WE DID A DECENDING THORACO-BIFEMORAL BYPASS IN THIS PATIENT BY CREATING A RETROPERITONEAL TUNNEL AS SUGGESTED BY KEAGY ET AL IN HIS PATHBREAKING ARTICLE PUBLISHED IN VARIOUS INTERNATIONAL VASCULAR SURGERY JOURNALS.WE REVASCULARISED THE LEFT LOWER LIMB STUMP FOR THE PURPOSE OF TISSUE HEALING.
THE REAL STORY BEGINS HERE.THE SURGERY WENT OFF WELL BUT POST OPERATIVELY THE PATIENT DEVELOPED WOUND DEHISCENCE IN THE LEFT GROIN,LEFT ABOVE KNEE AMPUTATION STUMP AND IN THE CHEST WITH GRAFT EXPOSURE .SUBSEQUENT INVESTIGATIONS REVEALED SEVERE HYPOALBUMINEMIA AS THE UNDERLYING CAUSE OF RAMPANT WOUND DEHISCENCE.
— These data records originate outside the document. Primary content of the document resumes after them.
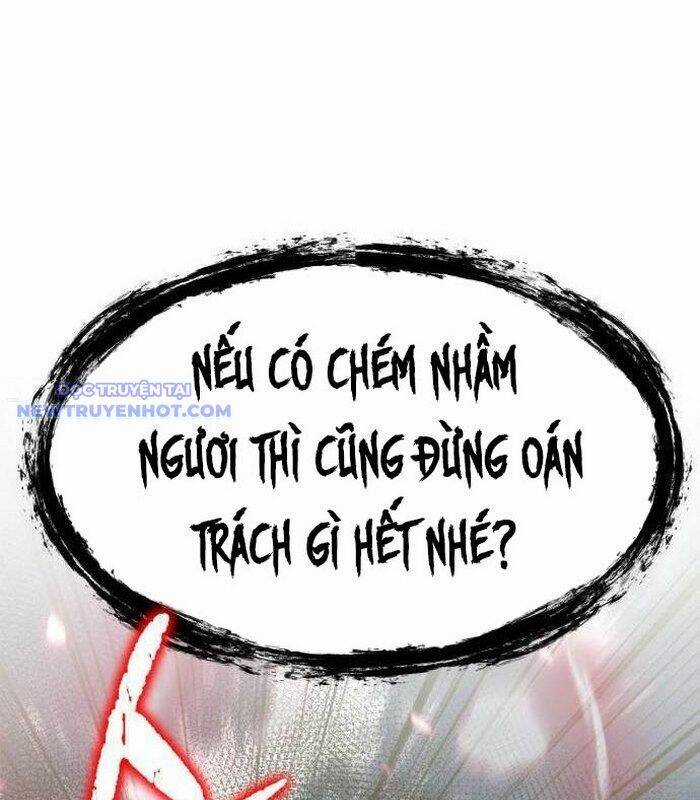 Sư Tôn Của Ta Luôn Dõi Theo Chương 25 trang 52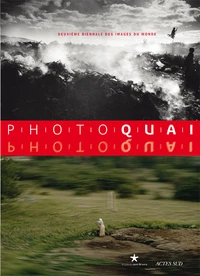Photoquai 2009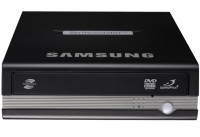 SE-S204N/MIBN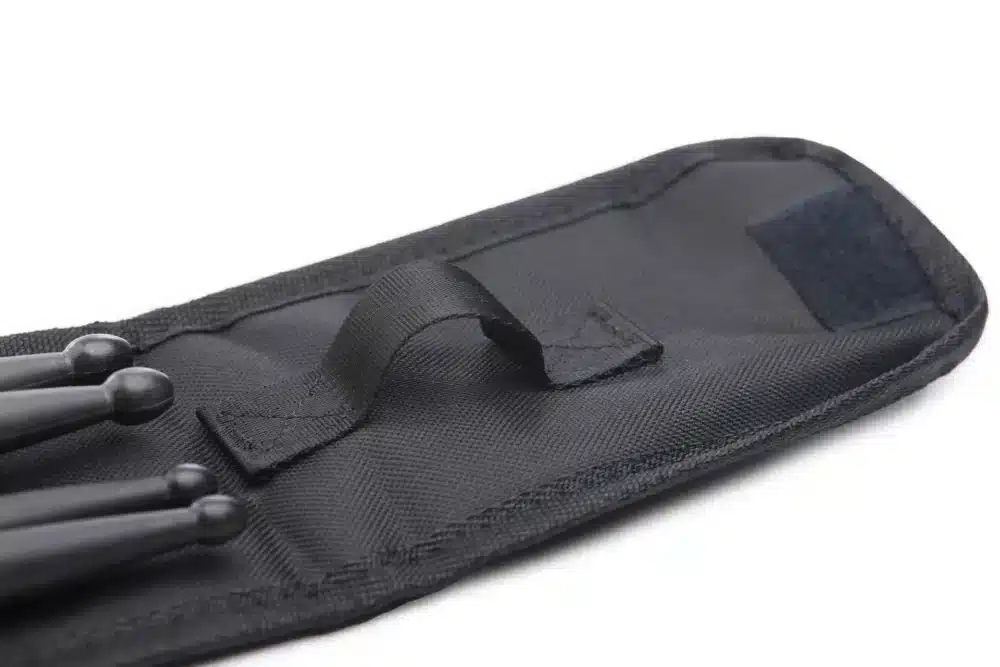 Sticks Holster - Image 7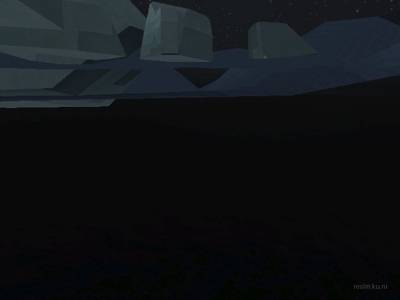 bhop_duality_v2 thumb 41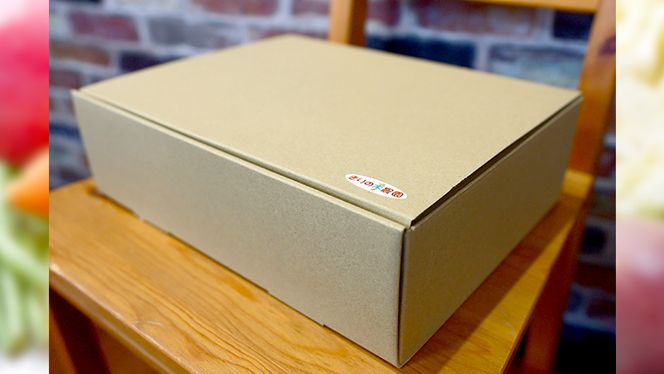 【 先行予約 】 自然野菜の お菓子 詰め合わせ セット （ 2025年12月頃より順次発送開始 ） 手作り クッキー かりんとう おつまみ 野菜 ジャム さつまいも にんじん 大豆 菓子 スイーツ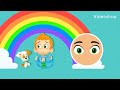 Bubble Guppies Come To Your Senses Images 159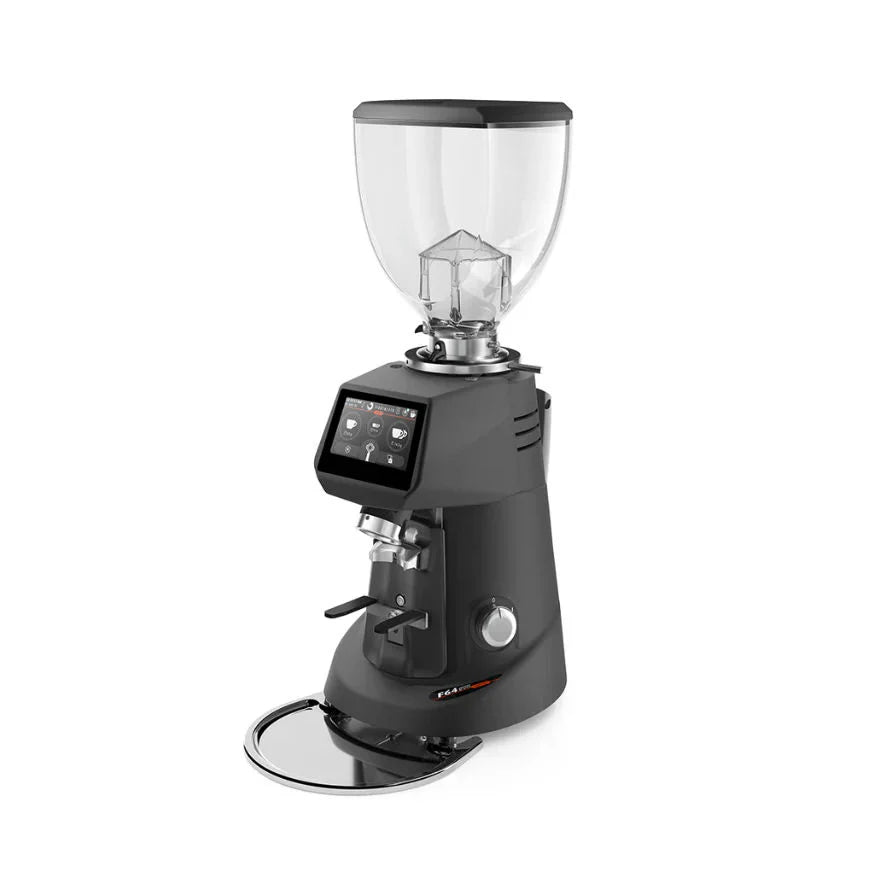 Fiorenzato F64 EVO Sense Commercial Espresso Grinder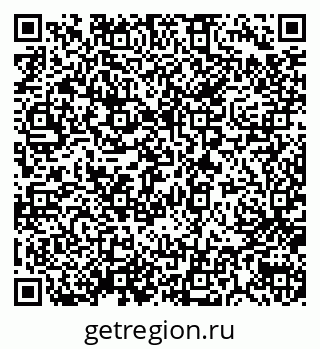 79630519557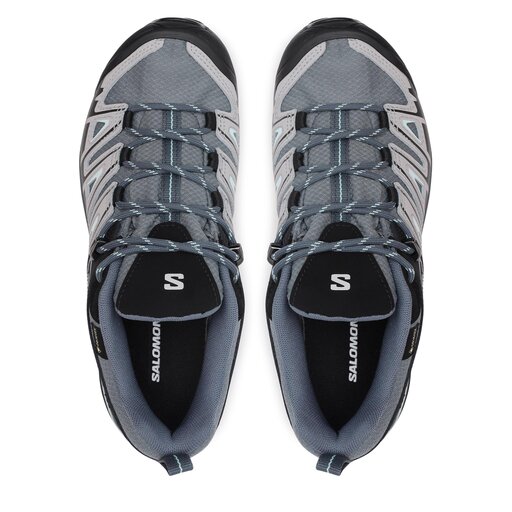 Salomon x hotsell ultra uomo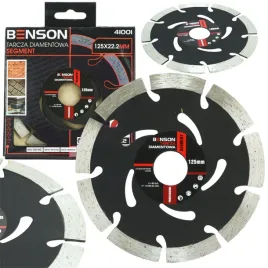 tarcza-diamentowa-segment-do-betonu-kostki-125mm-z-wysokim-segmentem-black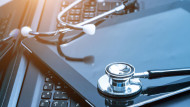 healthcare-trusts
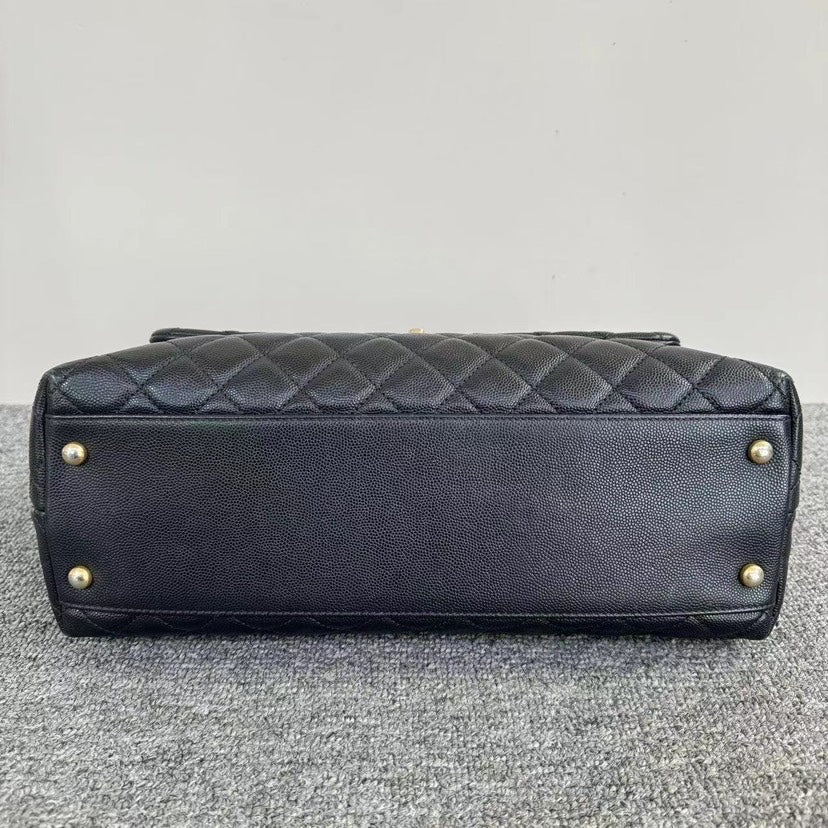 Chanel Handbag Bag - Almora Bags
HYPOALBUMINEMIA AS WE ALL KNOW IS ASSOCIATED WITH POOR WOUND HEALING,DECREASED COLLAGEN SYNTHESIS,IMPAIRED IMMUNE RESPONSES LIKE MACROPHAGE ACTIVATION ETC AND DELAYED RECOVERY OF BOWEL FUNCTION POSTOPERATIVELY.
I MUST THANK THE PLASTIC SURGERY DEPARTMENT OF OUR HOSPITAL WHO FINALLY TREATED THIS COMPLICATION WITH AN EXTERNAL OBLIQUE FLAP.RECENTLY THIS PATIENT CAME FOR FOLLOWUP AND THE WOUND LOOKS HEALTHY.THE CHEST WOUND WAS DEBRIDED AND WOULD BE READY FOR RESUTURING IN A FEW DAYS FROW NOW.

I AM TRAINED IN ONE OF THE BUSIEST VASCULAR SURGERY CENTRES IN THE COUNTRY BUT HAVE NEVER SEEN AN AWFUL COMPLICATION LIKE THIS WHEREIN ALL SUTURE LINES GIVE IN.I REALIZE WHY PEOPLE PREFER GOING TO EXPERIENCED SURGEONS FOR THEIR AILMENTS (THEY HAD SEEN IT ALL I GUESS....).

I WOULD BE FAILING IN MY DUTY IF I DONT THANK MY PATIENT FOR HAVING PERSEVERENCE AND FAITH IN OUR CAPABILITIES.